Similarly a product code A420027 tells us the product was manufactured at facility A4 in 2020 on the 27 day of the year, which is January 27. The product expires one year from January 27, 2020, so it needs to be used or disposed of by January 26, 2021.
Adjust the Julian calendar keeping in mind the year as 2020 is a leap year.
From experience using test strips with bleach concentrate dilutions, often that expiration timeline is closer to 6 months (commercial settings open bottle only 1 month).
Public Health Ontario has an online "Chlorine Dilution Calculator" to help anyone determine how much NaOCl "household" bleach of a given concentration level to add to how much safe tap water to achieve a certain ppm of diluted chlorine sol'n.

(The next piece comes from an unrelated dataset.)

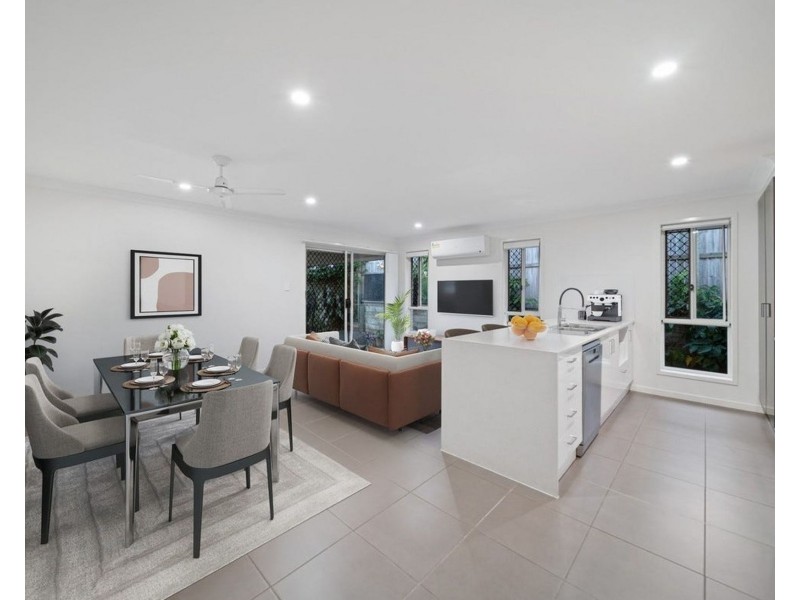 8 Loghopper Court, Redbank Plains QLD 4301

One can calculate sanitizing or even disinfecting diluted chlorine sol'n levels using the online calculator. Although the site is in Canada, they kindly include both English and Metric units. https://www.publichealthontario.ca/en/health-topics/environmental-occupational-health/water-quality/chlorine-dilution-calculator
Advisement of 1000 ppm for a NaOCl dilution based on publication:
Kampf, G. et al. Persistence of coronaviruses on inanimate surfaces and their inactivation with biocidal agents. Journal of Hospital Infection, Volume 104, Issue 3, 246 - 251 (March 2020). https://doi.org/10.1016/j.jhin.2020.01.022
Fomite transmission (contact w/ inanimate or nonpathogenic object surface transmission exclusive of food components) reduction via biocidal agents such as 0.1%-0.5% NaOCl aka 1000-5000 ppm. “...Human coronaviruses on inanimate
surfaces can be effectively inactivated by surface disinfection procedures with 62-71% ethanol, 0.5% hydrogen peroxide or 0.1% sodium hypochlorite within 1 minute.” from pre-print https://doi.org/10.1016/j.jhin.2020.01.022
Edit: The question is really about disinfecting for SARS-CoV-2, the mRNA virus which causes COVID-19 in humans.
The edit is to:
1) Clarify the actual question, which deals w/ microbiology relating to SARS-CoV-2, not a medical disease condition COVID-19;
2) Acknowledge that the press has incorrectly used the two different terms interchangeably creating public confusion & explain why many professionals are responding in forums around the world trying to clear up that confusion by providing accurate information;
3) Include current full rather than shortened links to details of NaOCl disinfection of SARS-CoV-2 with enough detail that if links are later unavailable readers will still know what to do.